Chaffetz is described as the front-runner in the race and as lobbying the crucial Steering Committee members more vigorously than Turner, who announced his entrance two weeks ago. But a major wild card in the race is Speaker John Boehner, who has five votes on the committee instead of the one that most of its members carry. In certain circumstances, a strong push from Boehner can carry far more weight than even his five votes, although some committee chairmen – including Mica – have overcome his opposition in the past.

Ideologically, Turner is generally to the left of Chaffetz. He's one of a few members both in the conservative Republican Study Committee and the moderate Tuesday Group. His tenure in Congress has been marked by hawkish conservative stances on foreign policy issues, and he's also very conservative on social issues.

His father worked for General Motors for 40 years, and Turner voted for the “cash for clunkers” bill that became controversial.

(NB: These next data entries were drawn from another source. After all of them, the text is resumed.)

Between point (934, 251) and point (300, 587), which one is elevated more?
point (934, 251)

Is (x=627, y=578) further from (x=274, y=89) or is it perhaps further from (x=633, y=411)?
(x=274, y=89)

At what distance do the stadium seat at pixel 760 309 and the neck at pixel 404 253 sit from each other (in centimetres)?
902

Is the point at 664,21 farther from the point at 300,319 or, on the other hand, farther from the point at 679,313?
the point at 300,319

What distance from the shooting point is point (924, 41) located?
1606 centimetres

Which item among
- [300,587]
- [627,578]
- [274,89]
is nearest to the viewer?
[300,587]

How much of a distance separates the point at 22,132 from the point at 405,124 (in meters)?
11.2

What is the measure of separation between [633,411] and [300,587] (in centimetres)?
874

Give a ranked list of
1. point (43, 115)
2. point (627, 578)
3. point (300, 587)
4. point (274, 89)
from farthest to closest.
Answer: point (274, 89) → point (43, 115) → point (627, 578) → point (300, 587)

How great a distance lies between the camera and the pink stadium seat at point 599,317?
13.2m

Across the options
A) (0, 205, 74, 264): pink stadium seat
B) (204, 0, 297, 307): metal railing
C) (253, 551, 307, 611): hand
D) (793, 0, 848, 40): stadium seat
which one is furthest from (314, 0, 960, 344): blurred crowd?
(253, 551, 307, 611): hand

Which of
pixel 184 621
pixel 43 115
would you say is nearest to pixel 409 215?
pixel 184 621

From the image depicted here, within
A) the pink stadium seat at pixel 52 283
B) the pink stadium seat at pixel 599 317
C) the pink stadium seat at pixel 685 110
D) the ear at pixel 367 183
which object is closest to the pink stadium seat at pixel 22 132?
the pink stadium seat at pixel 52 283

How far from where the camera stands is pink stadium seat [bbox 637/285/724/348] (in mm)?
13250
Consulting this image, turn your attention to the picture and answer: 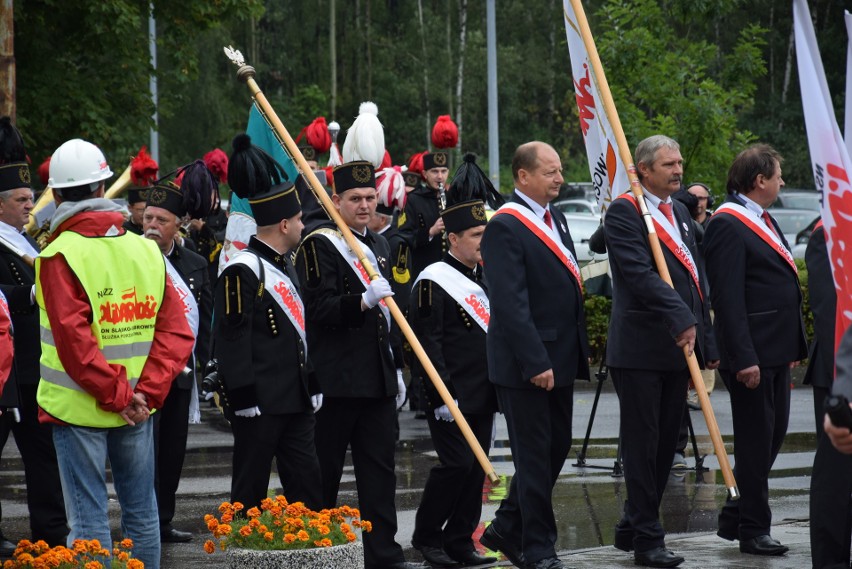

Turner voted against the Wall Street bailouts (the “Troubled Asset Recovery Program”) in 2008.

Turner's political prowess should not be counted out in the race. Besides winning two terms in highly-Democratic Dayton, he has trounced Democratic opponents in his reelection races despite that the district was previously held by a Democrat.

And in 2011, during redistricting, former-Rep. Steve Austria (R-OH) opted for retirement rather than face Turner head-to-head into the district both were drawn into.

Turner is more senior than Chaffetz on the committee, having served on it for 12 years, who took office in 2009. But he has not always played an extremely active role in its hearings. For example, Turner did not attend a September 2013 hearing with Attorney General Eric Holder as a witness. He also missed a hearing in October 2013 about a senior EPA official that lied about working for the CIA and a Benghazi hearing that year with key witnesses.

Turner has seized on a series of embarrassing conference expenditures for political hay. In a recent hearing, he raised up a “swag bag” given to participants at an IRS conference at a cost of over $60,000. The bag included a squirting fish toy, which Turner grilled an IRS official about to great effect, asking, “could you please tell me, what were these items for, and why would people get a plastic squirting fish?”

“I honestly have no idea what the plastic squirting fish was for,” the dumbfounded witness responded.

In our interview, Turner often turned back to the idea of focusing the oversight panel back on its mission of reforming government, rather than just spotlighting scandals.

“It's not just an issue of, 'I gotcha' and you violated the law, it's also an issue of how do we make certain it's doing the best job possible,” he said, adding that working on reform could help to provide additional legitimacy to its investigations.

“Every member has three or four really great ideas as to how government should be reformed and they have no place to go take those. This is the investigative committee that can go look to hold agencies and the bureaucracy accountable to those issues,” he added.